A luxury hotel might seem like a bad business to be running during an economic downturn, but Patrick Hatton, general manager of The James in downtown Chicago, is feeling bullish.
Mr Hatton believes he has hit upon a promotion that perfectly suits the zeitgeist. From Monday, for $219, (€170, £142) guests at his hotel can purchase a "City of Hope" package that includes a private tour of Barack Obama's southside neighbourhood, reservations at one of the president-elect's favourite Chicago restaurants and a copy of The Audacity of Hope, his book.
In the weeks since Mr Obama's election, Chicago - a city used to proclaiming its global status while often measuring up short next to New York and Los Angeles - has been basking in the international spotlight. The president-elect's victory celebration in Grant Park showcased its handsome skyline, parkland and lakefront to millions all round the world. His transition team is based in the city, attracting a global media circus. Many of his appointments have come from Chicago's political elite.

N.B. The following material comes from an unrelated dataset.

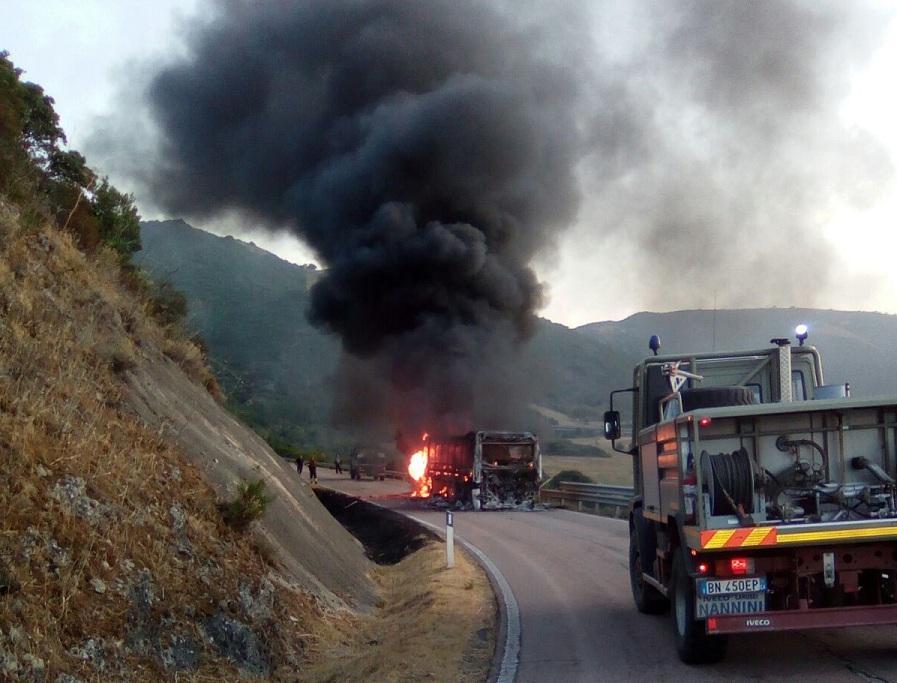 Il bus incendiato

The media's need to feed the hunger for news about Mr Obama has made minicelebrities of scores of Chicagoans with any kind of connection to the next president, from his barber to the chefs at his favourite pizza joint and the woman who drives a Dodge Neon he once owned.
If Chicago has a spring in its step, it may be because for the first time many residents feel it is getting the recognition it deserves.